Don’t bank on it?

UK Banks are closing branches

UK banks are closing branches at an alarming rate. The latest bank branch closures bring the total number of high-street branches shut across the sector to 623 so far this year. This is yet another inevitable structural shift due to the growth of internet banking. However, branch closures have created angst in rural communities, especially among elderly customers.

While this has been happening, Nationwide has been capitalising upon bank customer concerns by running a very amusing media campaign. This stars Dominic West as an out-of-touch bank boss who works for the fictional A.N.Y. Bank. At least Nationwide has put its money where its mouth is, in October this year, it had the highest number of UK bank branches with 605.

Meanwhile, the other banks appear to be reacting to customer concerns in the regions and over the summer, several ‘banking hubs’ have been trialled. These are shared spaces on the high street letting customers of multiple banks deposit and withdraw cash, with the staff of each bank being present in person on one chosen day of the week. Meanwhile, the closure of bank branches continues, with Lloyds announcing the closure of another 45 branches and Barclays announcing a further 17 closures, including the one in the PM’s constituency of Richmond!

Many years ago, a career with a bank was viewed as a job for life. Not necessarily so these days. Using ONS data, the total number of bank and building society branches in the UK has fallen from 13,345 in 2012 to 8,060 in 2022. That is a decline of 40% and probably has further to go despite the efforts of Nationwide and regional banking hubs.

The shift to internet banking also creates challenges for regulators in monitoring a potential run on a bank. The consequences of this were demonstrated by the banking crisis in the US earlier this year, which happened a lot quicker than the 2008 financial crash. Speaking of which, anyone remember the queues outside Northern Rock branches in 2007?

What have we been watching?     

Another week and yet another swing in the ‘will they, won’t they?’ interest rate cut pendulum. Investor optimism around the Federal Reserve (Fed) cutting interest rates early, possibly as soon as March 2024, faded at the start of the week but then picked up as US job numbers were broadly in line with expectations. However, there was greater optimism about the European Central Bank (ECB) cutting rates in early 2024. Bond yields moved lower on hopes of interest rate cuts in 2024 but also on concerns about the global economic outlook. Chinese equities drifted to a 13-month low as global credit rating agency Moody’s downgraded Chinese sovereign bonds to negative. Central banks will be in the spotlight later this week, with meetings of the Fed on Wednesday and the ECB and Bank of England (BoE) on Thursday. The BoE is expected to leave interest rates unchanged but will the Fed or ECB provide support for interest rate-cut hopes, or will they look to temper expectations?

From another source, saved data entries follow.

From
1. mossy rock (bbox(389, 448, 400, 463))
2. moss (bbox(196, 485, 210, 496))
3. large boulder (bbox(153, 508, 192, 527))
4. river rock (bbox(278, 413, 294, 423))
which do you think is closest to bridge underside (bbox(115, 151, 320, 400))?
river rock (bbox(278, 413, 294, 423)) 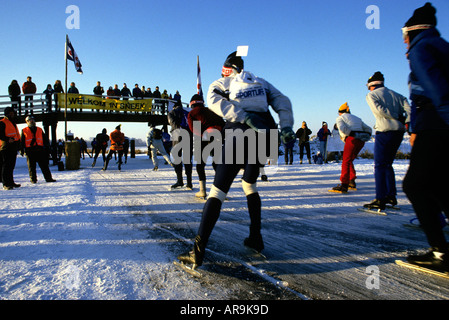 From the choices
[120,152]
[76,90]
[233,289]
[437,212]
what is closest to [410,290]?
[437,212]

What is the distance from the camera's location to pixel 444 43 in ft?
5.95

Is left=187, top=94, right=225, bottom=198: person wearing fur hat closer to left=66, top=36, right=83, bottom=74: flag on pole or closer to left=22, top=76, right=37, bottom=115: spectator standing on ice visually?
left=66, top=36, right=83, bottom=74: flag on pole

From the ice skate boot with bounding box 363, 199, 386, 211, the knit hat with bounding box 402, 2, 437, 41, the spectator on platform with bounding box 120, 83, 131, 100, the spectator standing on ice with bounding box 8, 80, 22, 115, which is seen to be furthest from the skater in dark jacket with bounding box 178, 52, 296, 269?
the spectator on platform with bounding box 120, 83, 131, 100

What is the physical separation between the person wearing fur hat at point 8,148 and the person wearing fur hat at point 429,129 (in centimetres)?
743

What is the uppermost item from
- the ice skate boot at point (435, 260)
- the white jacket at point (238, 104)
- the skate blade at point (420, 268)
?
the white jacket at point (238, 104)

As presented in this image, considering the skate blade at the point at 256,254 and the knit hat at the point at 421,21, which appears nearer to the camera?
the knit hat at the point at 421,21

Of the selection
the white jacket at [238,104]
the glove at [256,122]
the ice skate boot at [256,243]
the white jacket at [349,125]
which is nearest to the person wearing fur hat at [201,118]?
the white jacket at [238,104]

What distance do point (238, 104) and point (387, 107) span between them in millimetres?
2901

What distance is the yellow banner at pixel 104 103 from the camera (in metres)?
15.8

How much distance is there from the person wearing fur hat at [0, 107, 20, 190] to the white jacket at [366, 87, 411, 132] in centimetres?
752

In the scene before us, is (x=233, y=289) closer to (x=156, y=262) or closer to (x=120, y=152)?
(x=156, y=262)

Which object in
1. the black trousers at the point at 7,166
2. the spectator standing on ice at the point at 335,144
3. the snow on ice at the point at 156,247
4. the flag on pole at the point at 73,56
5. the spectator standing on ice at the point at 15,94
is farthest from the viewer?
the spectator standing on ice at the point at 335,144

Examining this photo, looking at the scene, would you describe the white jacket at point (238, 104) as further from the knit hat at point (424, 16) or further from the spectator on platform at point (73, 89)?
the spectator on platform at point (73, 89) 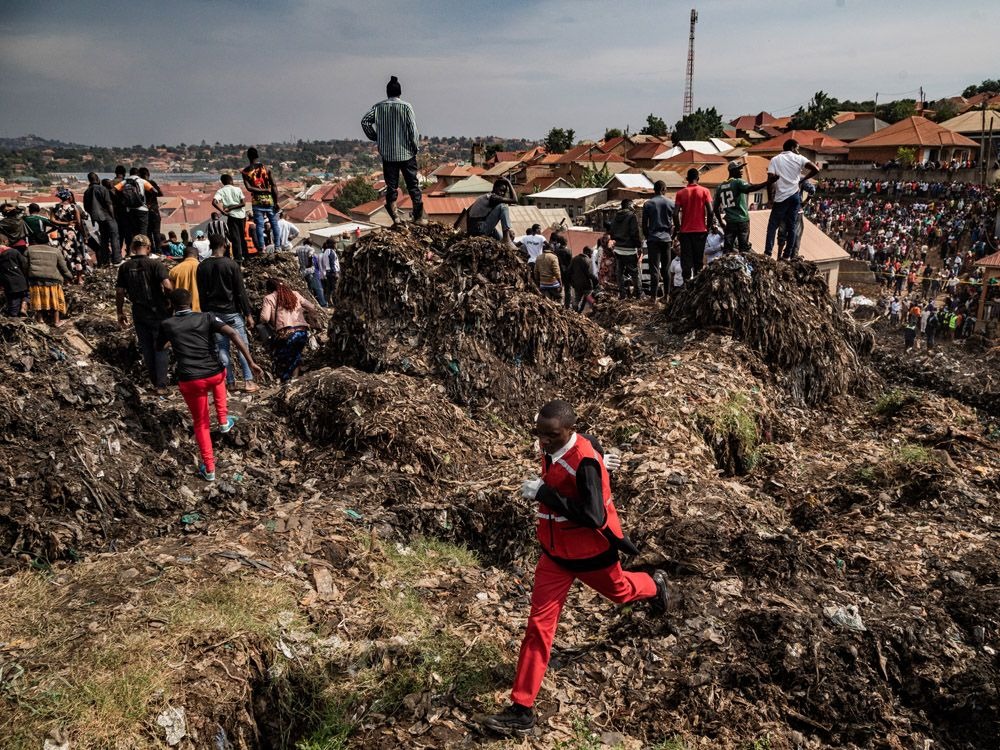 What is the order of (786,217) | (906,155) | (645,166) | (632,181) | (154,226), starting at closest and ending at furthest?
1. (786,217)
2. (154,226)
3. (906,155)
4. (632,181)
5. (645,166)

While Putin prepares for a long war of attrition, by comparison, the White House has warned that US funding for Ukraine is set to run out by the end of the year, which could ‘kneecap’ Kyiv. Republicans blocked President Biden’s latest $61bn military aid package. Meanwhile, Israeli troops continue to fight Hamas in the southern Gaza strip. While the conflict has not yet escalated across the region, there have been four drone-and-missile attacks so far on merchant shipping in the Red Sea by Iran-backed Houthi rebels.

EU leaders pressed Chinese president Xi Jinping on a yawning trade imbalance as well as expressing concerns over Beijing’s pressure on Taiwan and support for an isolated Russia, at their first meeting in four years. Underlying Beijing’s challenges in getting Europe onside was the news that on the eve of the summit that Italy had withdrawn from China’s Belt & Road Infrastructure initiative.


 

UK grocery-price inflation in November fell for the ninth month-in-a-row, although it was still at 9.1%.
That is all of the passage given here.